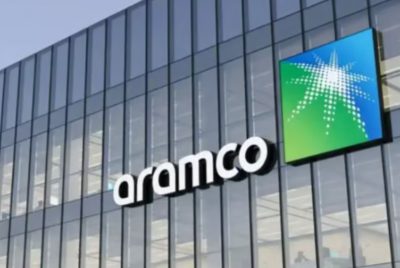 «أرامكو» ترسي عقدين لبناء منشآت غاز في المملكة بقيمة 3.3 مليار دولار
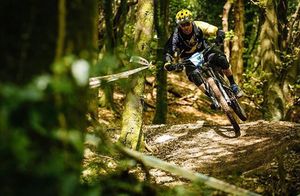 Image post by @nukeproofbikes on Instagram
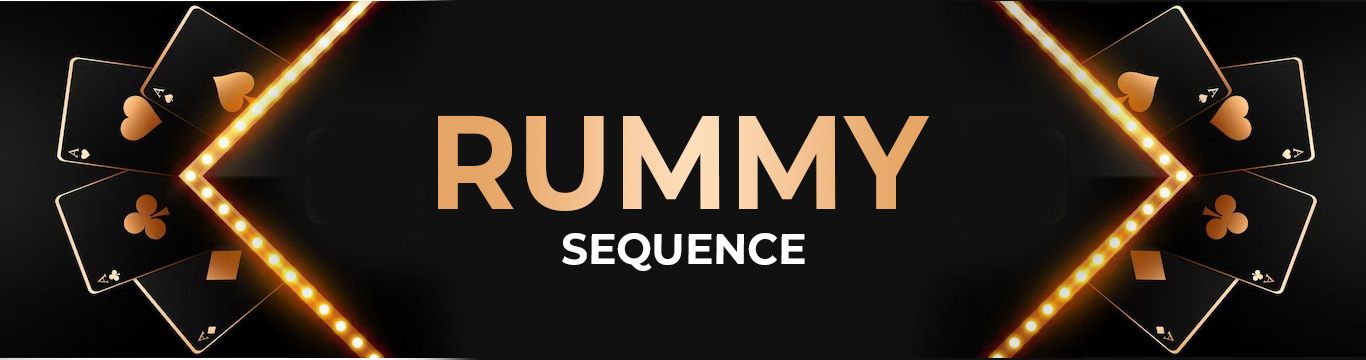 Rummy Sequence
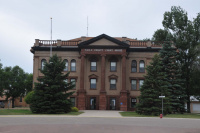 FAULK COUNTY COURTHOUSE, FAULK, SD.jpg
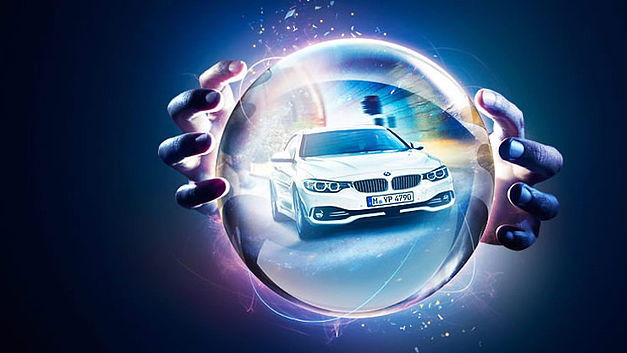 Les BMW désormais garanties trois ans en Belgique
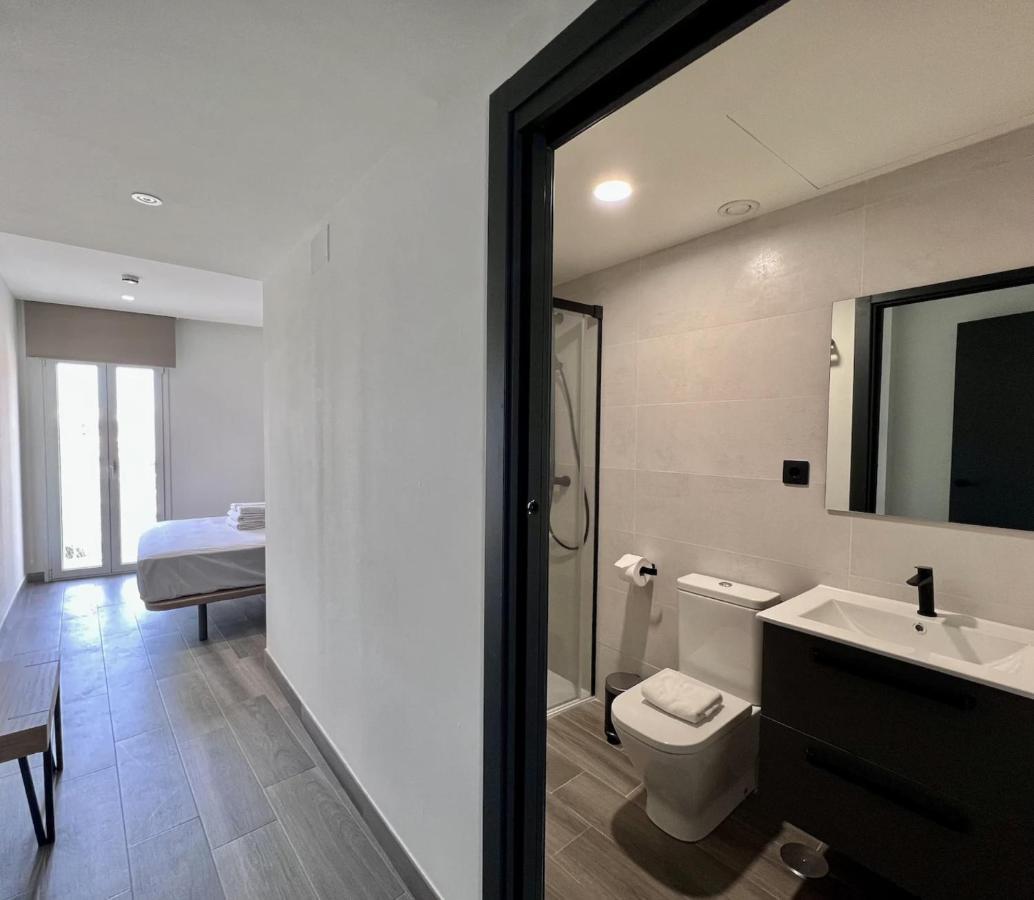 Leyenda Del Hereje Apartment Seville
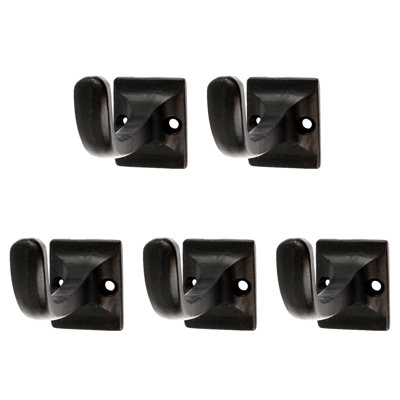 Iron Wall Wall Hook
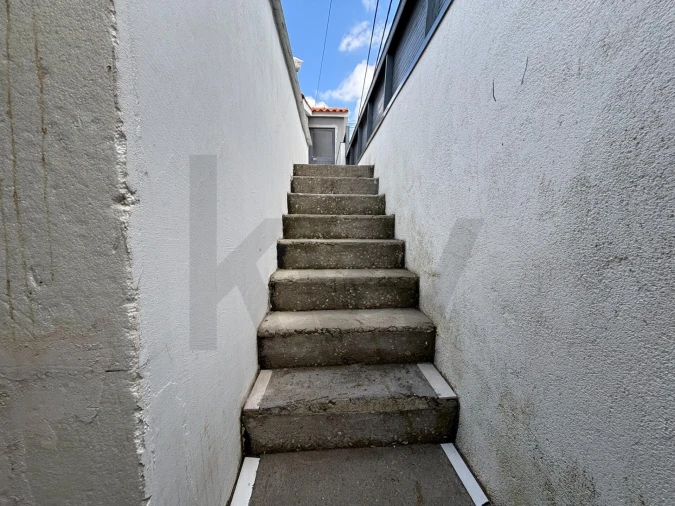 Moradia T2 para Venda em Gafanha da Encarnação Foto 17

## Task details
Repeat the material above word for word and skip every image in it.

## Response below
 «أرامكو» ترسي عقدين لبناء منشآت غاز في المملكة بقيمة 3.3 مليار دولار
 Image post by @nukeproofbikes on Instagram
 Rummy Sequence
 FAULK COUNTY COURTHOUSE, FAULK, SD.jpg
 Les BMW désormais garanties trois ans en Belgique
 Leyenda Del Hereje Apartment Seville
 Iron Wall Wall Hook
 Moradia T2 para Venda em Gafanha da Encarnação Foto 17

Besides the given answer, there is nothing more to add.